Raphaëlle Besse Desmoulières : C’est effectivement le cas : à l’Agirc-Arrco, la retraite complémentaire des salariés du privé, le système fonctionne en points. En revanche, la retraite de base repose sur un système en annuités qui combine plusieurs paramètres dont l’âge légal et le nombre de trimestres cotisés.

Velo : On parle beaucoup du régime de base, mais pas des retraites complémentaires. Sont-elles concernées par la réforme ? Il y a notamment une grosse différence entre cadre et non-cadre par rapport aux cotisations et aux pensions.

Dans le système universel voulu par le gouvernement, les retraites complémentaires du privé, comme d’ailleurs les régimes spéciaux, doivent disparaître et avec elles la gestion paritaire de l’Argic-Arrco.

Fouad : La révolution voulue par l’exécutif concernant les retraites n’était-elle pas une tactique pour accélérer le passage à 43 annuités voté depuis le précédent quinquennat ?

C’est le débat qui avait eu lieu au printemps lorsqu’avait surgi la polémique sur l’âge. Lors de son interview sur France 2 lundi, Emmanuel Macron a dit qu’il souhaitait que le système soit à l’équilibre lors de son entrée en vigueur en 2025.

Cela signifie que le gouvernement n’a pas renoncé à prendre des mesures paramétriques pour modifier le système actuel. L’accélération du calendrier fixé par la loi Touraine de 2014 – qui prévoit d’augmenter progressivement la durée de cotisations à 172 trimestres, soit 43 ans pour les générations nées en 1973 et après, d’ici à 2035 – est effectivement une des pistes envisagées.

Mais elle a un inconvénient majeur pour l’exécutif : pour faire des économies substantielles rapidement, il faut accélérer « brutalement » ce calendrier, ce qui pourrait provoquer des remous sociaux. Nous expliquions cela dans l’article ci-dessous :

Chris : Quelle retraite pour les enseignants qui n’ont que de faibles primes et qui commencent à travailler à 23-24 ans pour une retraite à 67 ans ?

C’est l’un des sujets problématiques de la réforme. Dans la fonction publique, la référence aux six derniers mois pour le calcul de la pension disparaît (comme celle des 25 meilleures années dans le privé). Le calcul se fera sur l’ensemble de la carrière. Il est donc prévu désormais de prendre en compte les primes que reçoivent les fonctionnaires – ce qui était très peu le cas jusqu’à présent.

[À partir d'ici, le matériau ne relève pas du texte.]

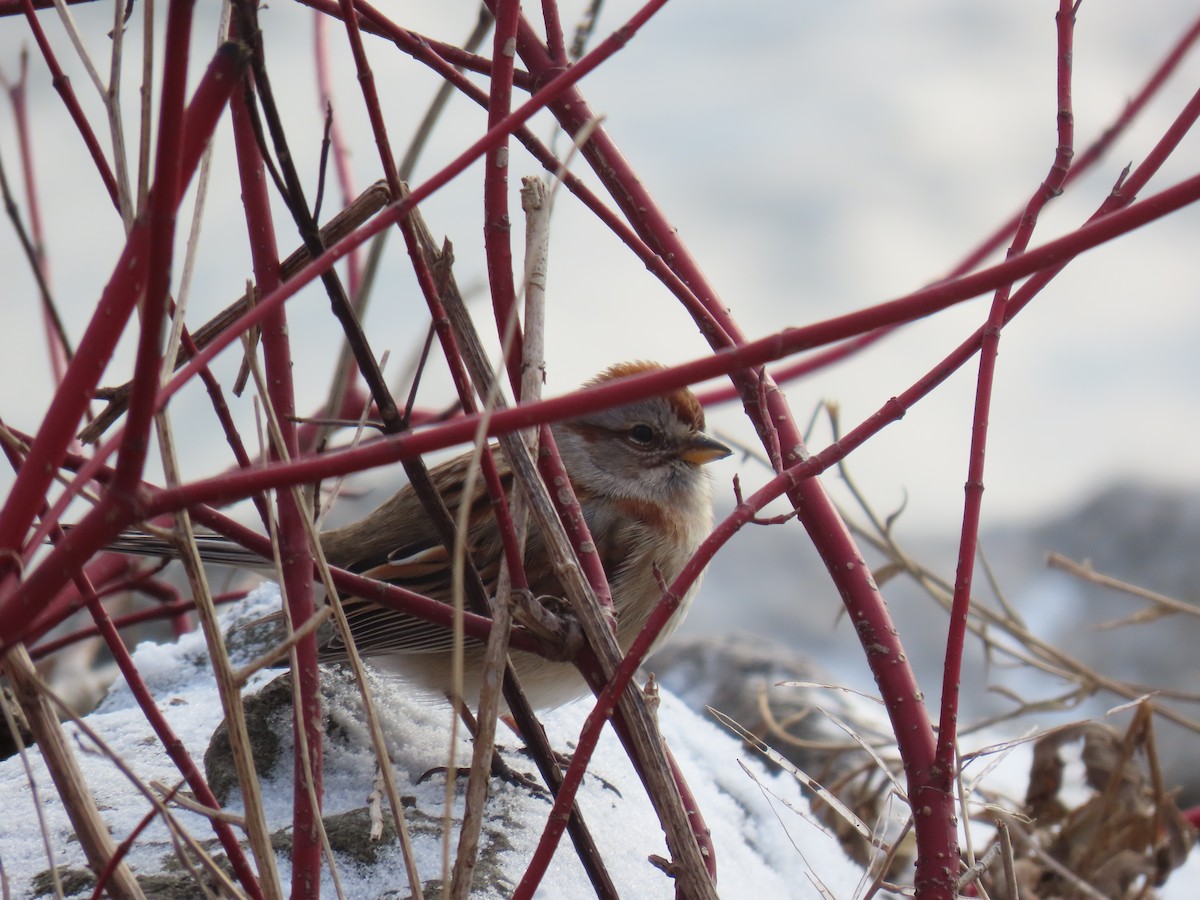 Пасовник північний - ML646856311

Si c’est une bonne nouvelle pour ceux qui en touchent, ça l’est moins pour les autres, notamment les enseignants qui n’ont par ailleurs pas des rémunérations très élevées. Emmanuel Macron a d’ailleurs reconnu le problème lundi sur France 2 en déclarant : « Il y a certaines professions qui – si on fait les choses mécaniquement – seraient lésées : infirmières, aides-soignants, enseignants. (…) Il n’y aura pas de réforme des retraites tant qu’on n’aura pas bâti une vraie transformation de ces professions. »

Philippe : A partir de quelle date cette nouvelle loi entre en vigueur ?

Le futur système est prévu pour entrer en vigueur en 2025. Il s’appliquera « au plus tôt aux assurés nés à compter de 1963 qui seront à plus de cinq ans de leur départ en retraite au moment du vote de la loi », précisait le rapport Delevoye.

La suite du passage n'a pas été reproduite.